▸ Brief
The copy must match the data word for word and contain no pictures.

(Web page caption snippets)
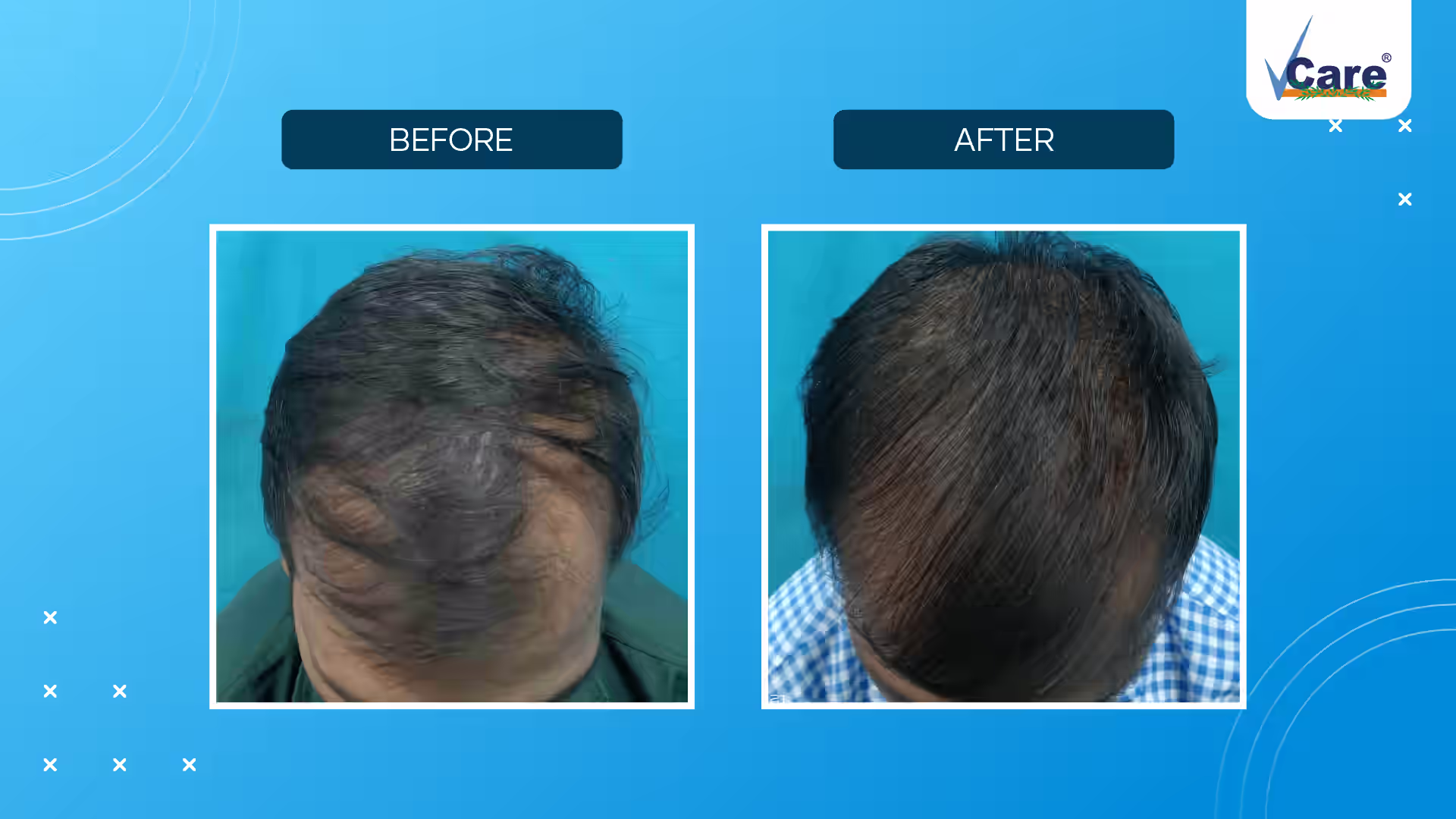 Biocell Hair Growth Therapy Before after result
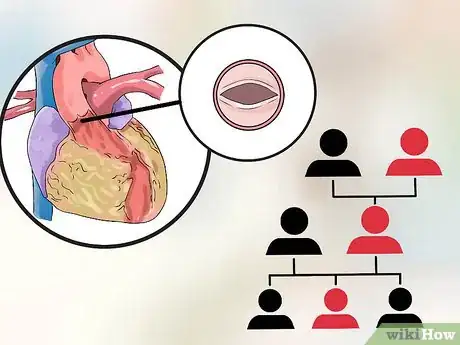 Image titled Find the Cause of Aortic Regurgitation Step 4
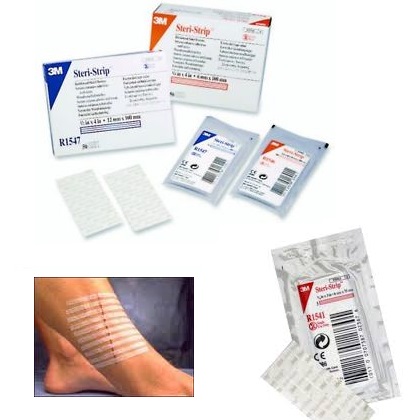 3M Steristrip Reinforced Closures | Steri Strips | FirstAid4Less 3M Steristrip Reinforced Closures | Steri Strips | FirstAid4Less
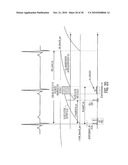  System for Automated Parameter Setting in Cardiac Magnetic Resonance Imaging diagram and image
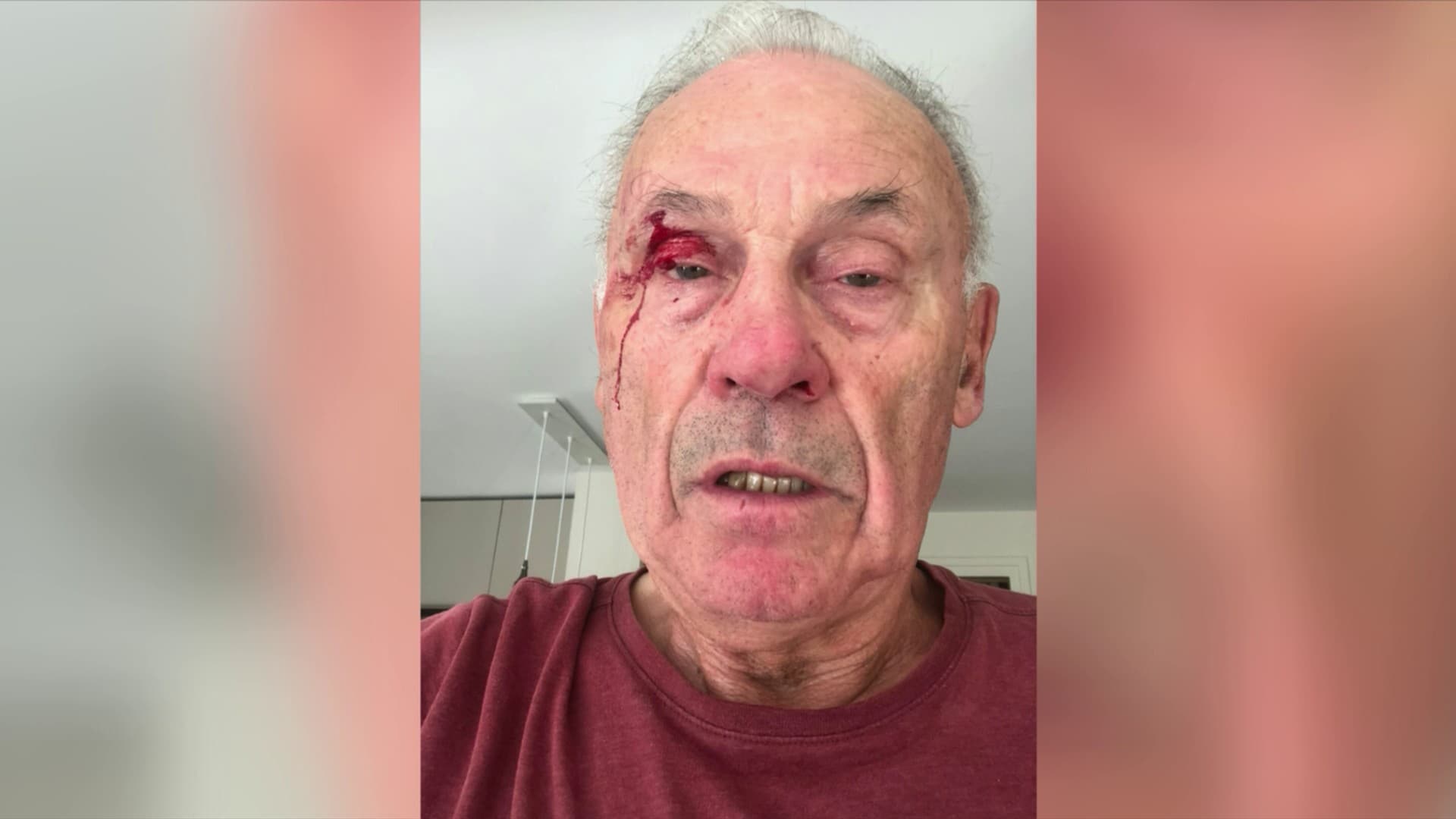 , Le suspect de l&rsquo;agression d&rsquo;un &eacute;lu local is&eacute;rois &laquo;&nbsp;en cours de d&eacute;ferrement&nbsp;&raquo; et &laquo;&nbsp;pr&eacute;tend avoir &eacute;t&eacute; frapp&eacute; en premier&nbsp;&raquo;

▸ Task output
 Biocell Hair Growth Therapy Before after result
 Image titled Find the Cause of Aortic Regurgitation Step 4
 3M Steristrip Reinforced Closures | Steri Strips | FirstAid4Less 3M Steristrip Reinforced Closures | Steri Strips | FirstAid4Less
  System for Automated Parameter Setting in Cardiac Magnetic Resonance Imaging diagram and image
 , Le suspect de l&rsquo;agression d&rsquo;un &eacute;lu local is&eacute;rois &laquo;&nbsp;en cours de d&eacute;ferrement&nbsp;&raquo; et &laquo;&nbsp;pr&eacute;tend avoir &eacute;t&eacute; frapp&eacute; en premier&nbsp;&raquo;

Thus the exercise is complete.